Umumnya, berbagai website resmi
memberikan data yang terpercaya, meskipun beberapa di antaranya kerap error ketika ditangani subyek (pengelola
web). Oleh karenanya, pembaca website
syarat melakukan verifikasi (cross check)
data apabila memungkinkan, namun kutipan dalam web haruslah sebagaimana bilbiografi referensi lainnya: lengkap, dengan
demikian mengizinkan pembaca untuk menelusuri maupun me-review materi yang dikutip.

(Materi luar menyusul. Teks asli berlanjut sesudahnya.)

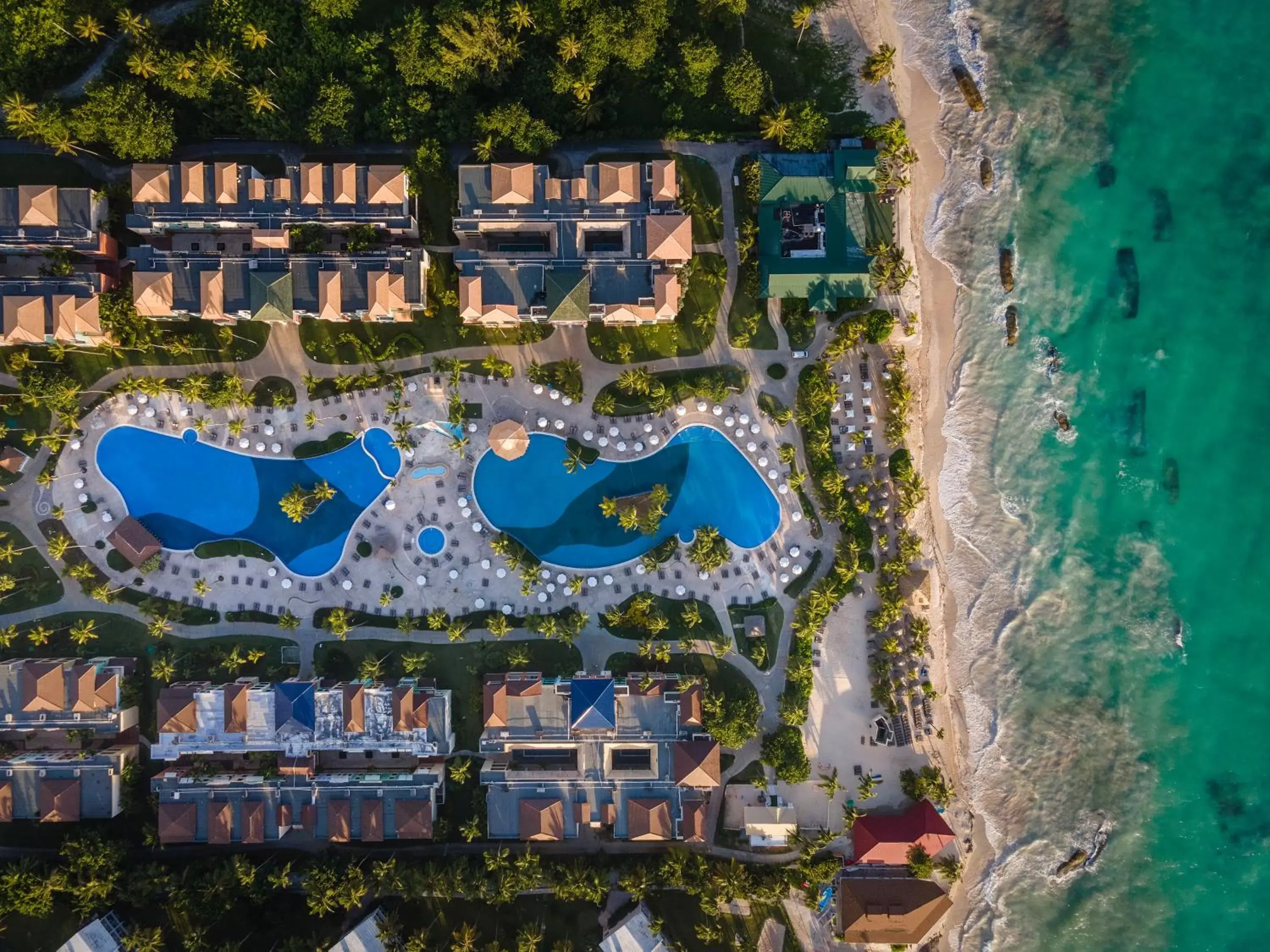 Bird's-eye View in Ocean Blue & Sand Beach Resort - All Inclusive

Namun demikian, perlu diingat kiranya bahwa membaca
literatur akademik berbeda halnya dengan membaca literatur layaknya novel. Dalam
“pembacaan” literatur akademik, syarat diawali dengan membaca abstrak dan
kesimpulan dengan metode skimming
(membaca sepintas/sekilas) agar memahami maksud dari tulisan terkait. Pembaca
literatur ilmu sosial harus berpikiran kritis dan menyiapkan sejumlah catatan
selama menyelami suatu literatur. Kunci pencatatan atas pembacaan suatu laporan
penelitian syarat meliputi orientasi teoritis, disain penelitian, metode
pengukuran, sampel (jika ditemui) dan berbagai pertimbangan spesifik lainnya
yang diperoleh dalam laporan. Lebih jelasnya, hal tersebut dapat dipetakan
sebagai berikut;
1.
Apakah
teori yang memayungi studi terkait?
2.
Bagaimana
variabel kunci layaknya androgynous, rasial dan segregasi gender
dikonseptualisasikan dan dioperasionalkan?
3.
Didasarkan
pada data apakah riset terkait?
4.
Apakah
terdapat variabel kontrol di dalamnya?
5.
Apakah
unit analisisnya?
6.
Apakah
tipe analisis yang digunakan?
7.
Apa
yang penulis/peneliti temukan?
8.
Apakah
kelebihan dan kelemahan studi terkait?
Penulisan riset sosial yang baik dimulai dengan
penulisan yang baik, dalam arti, perihal terpenting adalah penulisan yang “meng-komunikasi-kan”
bukan yang “mengesankan”. Dengan kata lain, mempertimbangkan maksud dari
tulisan penelitian berikut kapasitas pembaca merupakan hal yang harus dilakukan.
Menghindari plagiarisme juga menjadi hal yang esensial dalam penulisan, yakni menyajikan
pernyataan atau pemikiran orang lain tanpa menyertakan identitas mereka. Lebih
jauh, laporan penelitian syarat berisi sejumlah desain studi dan hasil
penelitian. Tentunya, analisis di setiap tahapan harus jelas, sedang kesimpulan
yang diberikan syarat spesifik tanpa harus terlampau detail. Di sisi lain,
untuk menulis laporan yang baik, penulis kudu
menyediakan detail catatan, mengintegrasi berbagai bahan pendukung dan
menggambarkan kesimpulan yang ekplisit (jelas). Pada akhirnya, penulis dapat mempresentasikannya
dalam forum profesional serta mempublikasikannya dalam suatu jurnal ilmiah.
*****
Referensi:
§
Babbie,
Earl. 2007. The Practice of Social
Research (11th Edition). USA: Thomson Wadsworth.